Amdal dengan berbagai analisis kajian sehingga izin tersebut baru dapat di terbitkan menjadi kawasan Industri di PT. SDS .

Masyarakat menuding selama ini Pemko Dumai dan DPRD Dumai memang ada unsur kesengajaan pembiaran terhadap perusahaan melakukan pelanggaran hukum lingkungan dengan alasan Perda Dumai. Ujar Hasbi.
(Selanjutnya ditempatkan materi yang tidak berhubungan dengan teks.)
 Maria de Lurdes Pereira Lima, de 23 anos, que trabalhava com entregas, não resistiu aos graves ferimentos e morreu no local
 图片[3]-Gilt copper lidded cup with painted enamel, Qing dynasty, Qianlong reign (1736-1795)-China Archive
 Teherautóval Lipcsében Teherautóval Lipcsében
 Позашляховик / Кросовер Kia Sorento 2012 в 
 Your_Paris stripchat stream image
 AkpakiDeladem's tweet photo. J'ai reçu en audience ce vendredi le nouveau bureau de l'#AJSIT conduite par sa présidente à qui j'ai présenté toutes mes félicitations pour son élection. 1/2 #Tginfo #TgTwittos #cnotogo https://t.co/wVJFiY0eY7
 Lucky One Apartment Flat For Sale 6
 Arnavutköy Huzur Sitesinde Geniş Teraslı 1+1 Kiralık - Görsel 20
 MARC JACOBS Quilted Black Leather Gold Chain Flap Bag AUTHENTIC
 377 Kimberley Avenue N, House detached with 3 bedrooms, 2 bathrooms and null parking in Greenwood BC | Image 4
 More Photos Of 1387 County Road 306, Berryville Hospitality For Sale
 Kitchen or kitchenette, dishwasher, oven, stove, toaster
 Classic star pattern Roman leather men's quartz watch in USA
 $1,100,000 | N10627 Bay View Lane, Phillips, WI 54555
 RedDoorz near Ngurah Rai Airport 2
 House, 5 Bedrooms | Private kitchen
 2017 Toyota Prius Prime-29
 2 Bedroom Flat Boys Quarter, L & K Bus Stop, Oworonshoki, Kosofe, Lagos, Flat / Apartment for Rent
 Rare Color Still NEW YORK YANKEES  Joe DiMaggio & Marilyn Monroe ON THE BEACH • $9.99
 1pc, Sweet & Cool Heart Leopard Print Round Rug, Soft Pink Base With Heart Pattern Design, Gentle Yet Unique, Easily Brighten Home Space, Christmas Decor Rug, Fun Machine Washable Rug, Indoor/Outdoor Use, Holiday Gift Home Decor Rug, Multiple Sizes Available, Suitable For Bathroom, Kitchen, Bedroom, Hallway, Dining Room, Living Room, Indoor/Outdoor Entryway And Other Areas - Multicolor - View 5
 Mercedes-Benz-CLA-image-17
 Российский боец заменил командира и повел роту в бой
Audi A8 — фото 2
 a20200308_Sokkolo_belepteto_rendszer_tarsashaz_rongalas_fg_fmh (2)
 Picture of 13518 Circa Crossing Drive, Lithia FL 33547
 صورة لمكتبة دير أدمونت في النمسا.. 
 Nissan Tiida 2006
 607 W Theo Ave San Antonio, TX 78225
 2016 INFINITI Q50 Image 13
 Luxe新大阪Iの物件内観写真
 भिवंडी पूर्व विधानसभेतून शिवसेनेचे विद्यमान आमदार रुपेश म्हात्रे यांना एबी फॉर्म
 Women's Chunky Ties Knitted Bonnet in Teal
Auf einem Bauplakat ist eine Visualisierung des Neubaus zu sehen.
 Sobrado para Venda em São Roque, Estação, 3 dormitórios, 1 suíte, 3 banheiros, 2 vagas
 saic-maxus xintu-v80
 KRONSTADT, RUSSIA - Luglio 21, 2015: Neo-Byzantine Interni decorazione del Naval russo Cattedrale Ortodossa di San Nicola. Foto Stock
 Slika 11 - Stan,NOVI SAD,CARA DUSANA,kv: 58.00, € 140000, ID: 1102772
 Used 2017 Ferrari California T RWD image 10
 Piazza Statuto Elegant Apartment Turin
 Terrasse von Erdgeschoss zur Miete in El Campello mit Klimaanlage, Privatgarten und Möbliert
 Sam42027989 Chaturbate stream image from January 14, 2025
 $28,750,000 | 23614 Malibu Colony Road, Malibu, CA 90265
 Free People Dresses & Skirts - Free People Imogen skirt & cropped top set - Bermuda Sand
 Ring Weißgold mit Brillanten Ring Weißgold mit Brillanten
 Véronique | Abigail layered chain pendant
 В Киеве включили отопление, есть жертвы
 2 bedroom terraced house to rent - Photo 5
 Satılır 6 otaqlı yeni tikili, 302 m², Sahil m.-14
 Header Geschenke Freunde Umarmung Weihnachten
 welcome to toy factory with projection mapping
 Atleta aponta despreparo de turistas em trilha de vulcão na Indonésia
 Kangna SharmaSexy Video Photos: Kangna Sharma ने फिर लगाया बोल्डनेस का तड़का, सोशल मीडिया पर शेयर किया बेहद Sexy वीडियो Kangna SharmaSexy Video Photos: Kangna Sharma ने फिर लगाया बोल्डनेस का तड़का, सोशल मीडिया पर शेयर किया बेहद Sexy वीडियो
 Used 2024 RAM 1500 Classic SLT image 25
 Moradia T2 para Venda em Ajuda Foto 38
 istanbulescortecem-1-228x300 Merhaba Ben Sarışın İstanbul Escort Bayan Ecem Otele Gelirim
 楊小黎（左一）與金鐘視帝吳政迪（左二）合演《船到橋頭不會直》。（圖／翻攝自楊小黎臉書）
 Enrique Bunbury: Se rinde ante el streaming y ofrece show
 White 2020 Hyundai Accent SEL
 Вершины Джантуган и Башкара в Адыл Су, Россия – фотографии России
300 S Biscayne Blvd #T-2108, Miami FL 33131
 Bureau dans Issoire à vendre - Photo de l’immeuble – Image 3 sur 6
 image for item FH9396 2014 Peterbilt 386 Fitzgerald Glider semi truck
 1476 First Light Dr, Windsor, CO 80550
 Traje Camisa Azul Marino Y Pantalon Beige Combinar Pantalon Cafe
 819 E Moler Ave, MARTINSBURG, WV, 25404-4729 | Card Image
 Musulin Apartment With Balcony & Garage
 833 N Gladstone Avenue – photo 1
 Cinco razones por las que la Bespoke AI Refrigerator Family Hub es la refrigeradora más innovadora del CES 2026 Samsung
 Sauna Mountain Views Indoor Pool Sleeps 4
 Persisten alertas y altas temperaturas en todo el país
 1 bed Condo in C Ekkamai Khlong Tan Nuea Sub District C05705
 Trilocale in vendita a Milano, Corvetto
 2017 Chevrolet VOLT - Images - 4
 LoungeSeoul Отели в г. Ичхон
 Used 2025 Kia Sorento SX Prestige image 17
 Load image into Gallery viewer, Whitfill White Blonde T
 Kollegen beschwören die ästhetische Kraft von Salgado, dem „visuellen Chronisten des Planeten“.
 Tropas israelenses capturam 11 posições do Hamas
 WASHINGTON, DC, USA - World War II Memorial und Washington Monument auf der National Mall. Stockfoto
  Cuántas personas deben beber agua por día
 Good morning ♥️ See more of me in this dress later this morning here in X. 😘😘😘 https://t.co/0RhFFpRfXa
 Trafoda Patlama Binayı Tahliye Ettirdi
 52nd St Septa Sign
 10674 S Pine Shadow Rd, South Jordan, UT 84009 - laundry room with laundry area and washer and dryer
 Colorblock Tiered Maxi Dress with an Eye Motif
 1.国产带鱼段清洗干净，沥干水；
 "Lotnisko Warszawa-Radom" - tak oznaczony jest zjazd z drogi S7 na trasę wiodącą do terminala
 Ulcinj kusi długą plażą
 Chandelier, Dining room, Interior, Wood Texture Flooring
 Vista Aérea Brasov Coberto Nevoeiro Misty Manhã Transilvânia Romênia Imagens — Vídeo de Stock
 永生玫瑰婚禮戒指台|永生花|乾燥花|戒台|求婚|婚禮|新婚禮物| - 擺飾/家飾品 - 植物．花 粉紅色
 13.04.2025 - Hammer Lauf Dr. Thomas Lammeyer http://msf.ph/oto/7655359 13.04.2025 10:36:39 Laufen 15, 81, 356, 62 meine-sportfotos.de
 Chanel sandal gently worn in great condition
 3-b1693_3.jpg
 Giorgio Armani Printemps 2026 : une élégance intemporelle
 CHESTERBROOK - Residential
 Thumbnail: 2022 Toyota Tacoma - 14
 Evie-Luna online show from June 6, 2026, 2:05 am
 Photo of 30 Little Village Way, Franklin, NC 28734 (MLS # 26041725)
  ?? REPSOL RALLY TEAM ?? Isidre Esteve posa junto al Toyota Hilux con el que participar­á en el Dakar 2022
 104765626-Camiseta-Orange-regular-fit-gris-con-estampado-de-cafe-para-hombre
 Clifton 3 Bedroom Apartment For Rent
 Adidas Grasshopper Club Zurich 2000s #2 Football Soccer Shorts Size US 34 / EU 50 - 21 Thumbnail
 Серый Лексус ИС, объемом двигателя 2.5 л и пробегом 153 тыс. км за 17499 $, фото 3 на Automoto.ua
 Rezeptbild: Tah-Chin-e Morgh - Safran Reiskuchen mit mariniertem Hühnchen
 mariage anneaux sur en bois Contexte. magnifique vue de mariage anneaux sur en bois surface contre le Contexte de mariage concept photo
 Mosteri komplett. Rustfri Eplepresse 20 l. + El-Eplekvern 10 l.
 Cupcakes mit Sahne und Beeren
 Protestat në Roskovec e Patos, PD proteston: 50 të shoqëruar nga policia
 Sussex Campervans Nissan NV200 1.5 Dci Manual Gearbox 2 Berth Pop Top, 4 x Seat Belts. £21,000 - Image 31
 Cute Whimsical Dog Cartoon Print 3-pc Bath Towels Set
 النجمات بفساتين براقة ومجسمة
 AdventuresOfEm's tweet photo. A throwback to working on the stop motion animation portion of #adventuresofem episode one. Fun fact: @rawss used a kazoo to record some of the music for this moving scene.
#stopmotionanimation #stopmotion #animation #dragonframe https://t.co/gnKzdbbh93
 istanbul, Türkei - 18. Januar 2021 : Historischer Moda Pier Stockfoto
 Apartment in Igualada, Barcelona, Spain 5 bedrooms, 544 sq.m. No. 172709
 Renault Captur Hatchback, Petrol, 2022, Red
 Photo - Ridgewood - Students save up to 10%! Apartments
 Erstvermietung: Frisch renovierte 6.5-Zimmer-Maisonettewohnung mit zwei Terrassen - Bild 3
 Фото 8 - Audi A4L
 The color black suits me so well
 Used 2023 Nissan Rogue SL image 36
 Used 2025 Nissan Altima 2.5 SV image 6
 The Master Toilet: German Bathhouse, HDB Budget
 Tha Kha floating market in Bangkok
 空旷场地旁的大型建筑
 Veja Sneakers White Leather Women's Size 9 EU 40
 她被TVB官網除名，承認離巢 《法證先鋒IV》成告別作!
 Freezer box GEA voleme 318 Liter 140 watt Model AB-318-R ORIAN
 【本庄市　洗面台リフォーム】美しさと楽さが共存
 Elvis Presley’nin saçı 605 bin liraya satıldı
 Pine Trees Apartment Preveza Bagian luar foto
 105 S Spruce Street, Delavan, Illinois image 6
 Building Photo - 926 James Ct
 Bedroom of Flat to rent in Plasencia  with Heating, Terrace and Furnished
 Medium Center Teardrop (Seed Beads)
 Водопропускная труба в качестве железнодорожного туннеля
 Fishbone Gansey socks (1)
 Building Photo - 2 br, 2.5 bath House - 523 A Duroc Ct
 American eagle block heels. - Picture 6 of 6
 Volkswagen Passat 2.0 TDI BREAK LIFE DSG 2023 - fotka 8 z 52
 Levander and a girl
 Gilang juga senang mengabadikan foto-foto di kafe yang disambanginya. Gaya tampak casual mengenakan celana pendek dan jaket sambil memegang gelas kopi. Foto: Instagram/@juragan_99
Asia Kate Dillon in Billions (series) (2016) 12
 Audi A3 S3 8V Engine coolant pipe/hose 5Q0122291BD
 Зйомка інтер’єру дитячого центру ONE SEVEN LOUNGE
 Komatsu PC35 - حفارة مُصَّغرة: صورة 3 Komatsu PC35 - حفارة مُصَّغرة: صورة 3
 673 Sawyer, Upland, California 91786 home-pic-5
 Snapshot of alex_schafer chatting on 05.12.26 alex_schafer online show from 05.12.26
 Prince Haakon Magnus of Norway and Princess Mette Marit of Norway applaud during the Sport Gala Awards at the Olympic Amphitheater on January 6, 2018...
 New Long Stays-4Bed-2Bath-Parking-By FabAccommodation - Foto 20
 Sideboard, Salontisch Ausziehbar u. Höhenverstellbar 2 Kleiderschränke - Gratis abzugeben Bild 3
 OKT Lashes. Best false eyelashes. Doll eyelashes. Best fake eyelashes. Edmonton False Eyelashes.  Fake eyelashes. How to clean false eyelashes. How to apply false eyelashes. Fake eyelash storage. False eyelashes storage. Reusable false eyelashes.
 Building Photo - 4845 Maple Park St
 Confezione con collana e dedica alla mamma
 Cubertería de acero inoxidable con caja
Ditempat terpisah, salah seorang manajemen PT SDS, Kameru saat di konfirmasi terkait insiden kebakaran perusahaan tersebut mengatakan, masih sedang ditangani lab forensik. Ujarnya singkat melalui WhatsApp beliau.

Berdasarkan jawaban tersebut artinya masyarakat dumai harus bersabar sambil menunggu hasil kerja lab forensik.

Pihak perusahaan PT. SDS juga telah mengirimkan rilis, Senin (19/1/2018 ) kepada awak media wasiatriau.com. melalui jaringan WhatsApp. Kutipan rilis sebagai berikut :

” insident kebakaran di PT SDS berhasil diatasi, ” Dumai, 19 November 2018.

” sehubungan dengan insiden kebakaran yang terjadi di salah satu bagian produk di PT. SDS pada hari ini sekitar jam 14.00. Depertemen komunitas perusahaan menyampaikan bahwa api telah berhasil dipadamkan sekitar jam 17.00, “.

” Hingga informasi ini disampaikan, pihak berwajib masih melakukan investigasi ”

” PT. SDS Mengucapka terima kasih atas bantuan dan kerjasama dari perusahaan yang ada disekitar lingkungan perusahaan, termasuk bantuan dari Tim damkar dari Pemko Dumai dan Pertamina ”

” Tidak ada korban jiwa dalam kejadian ini, dan kami terus memastikan terlaksananya praktek k3 dilingkungan PT. SDS, Terima kasih “.